Industry executives and their lobbyists have been canvassing
Capitol Hill in recent weeks to find allies to help them beat back
a proposal from the Labor Department that would require financial
advisers to always put a client's best interest ahead of their
personal gain.
House lawmakers are expected to ask Labor Secretary Thomas Perez
about the industry concerns during a hearing Wednesday.
"It's worthy of a great deal of investigation by Congress to see
what the impact of this is going to be on the customer," said
Kenneth Bentsen, president and chief executive officer of the
Securities Industry and Financial Markets Association, which has
pushed its own alternative that excludes certain elements of the
Labor plan.
A spokesman for the Labor Department said in written statement
that Wednesday's hearing "is another opportunity to get feedback on
how the department can craft a final rule that protects the best
interests of consumers and gives financial services professionals
flexibility in how they are compensated."
Fidelity Investments and other industry advocates said they
support the idea of a "best interest" standard.
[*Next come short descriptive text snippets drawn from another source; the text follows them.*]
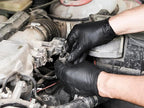 GLOVEWORKS Black Disposable Nitrile Industrial Gloves 5 Mil, Latex/Powder-Free, Food-Safe, Textured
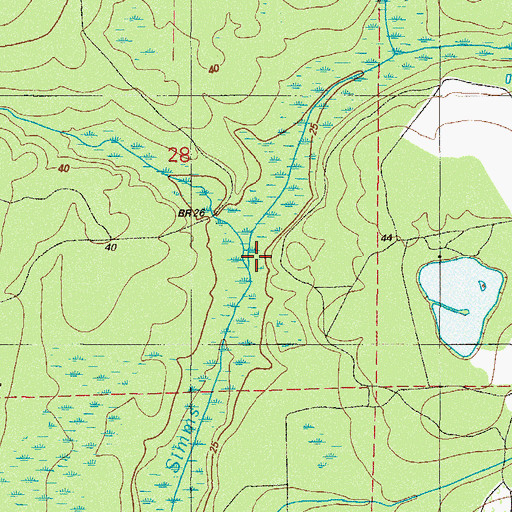 Topographic Map of Harvey Creek, FL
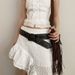 Blogger's same American style chain rose belt, Y2K waist closure design, brown belt_voghion.com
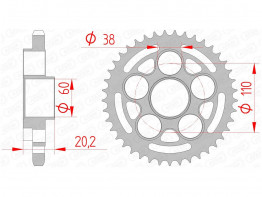 Achtertandwiel Ducati 848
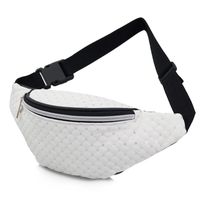 VERSOLI nerka saszetka biodrówka damska pikowana cekiny N114 biała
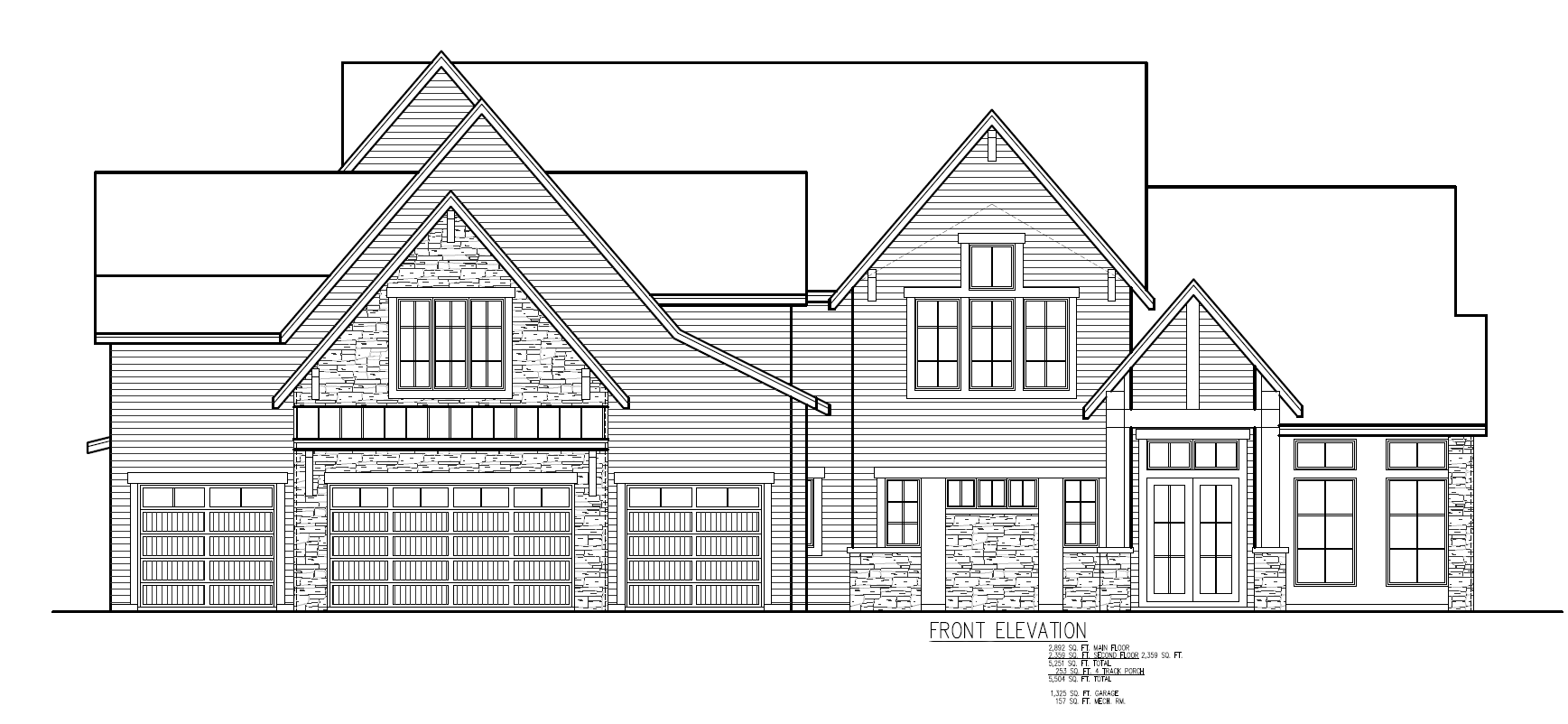 Home plan front elevation plan color rendering. 0.69 acre wooded lot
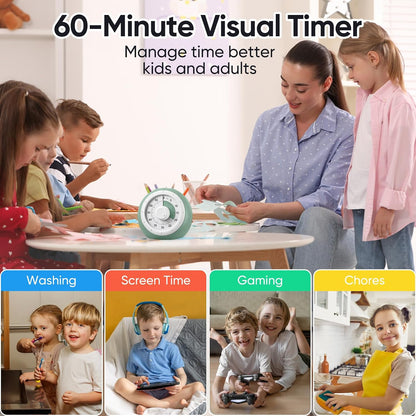 60 Minute Visual Timer for Kids, Silent Countdown Clock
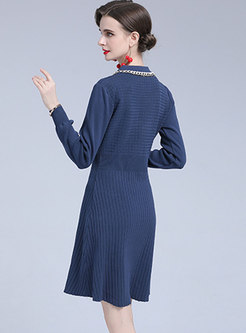 Casual Long Sleeve Ribbed Short Sweater Dress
Yet industry
officials and their trade groups say the administration's proposal
will remove incentives for brokers to serve people with small
account balances and cut off small businesses' access to advice.
Some firms are drafting alternative legislation focusing on
improved disclosure and consumer education, according to lobbyists
for financial firms.
Some industry officials concede that President Barack Obama is
unlikely to sign into law any legislation restricting the Labor
plan. Lawrence Rybka, president of ValMark Securities Inc., an
insurance and securities brokerage based in Akron, Ohio, said a
recent lobbying trip he made to Washington, D.C., left him with the
view that blocking, or even altering, the proposal had "low
probabilities" of success. He is concerned the proposal would
create "a minefield around any advice."
In recent weeks, analysts have begun pushing companies to detail
the potential impact of the proposed rules as they predict a
decline in earnings as sales of high-fee, commission-based
retirement income products decline.
At a June 3 investor conference, MetLife Inc. Chief Executive
Steven Kandarian didn't quantify the effect on MetLife, the
nation's largest life insurer by assets, but instead provided an
analogy that hinted at the potential impact on the entire insurance
business.
Imagine, he said, a consumer going into a Chevrolet dealership
and looking at a SUV, "and the Chevy dealer says, 'In all honesty,
the guys across the street, the Ford dealership, they really have a
vehicle that fits you better than mine.'
"There is not going to be a lot of Chevy dealers, or at least
guys or women selling Chevys, anymore."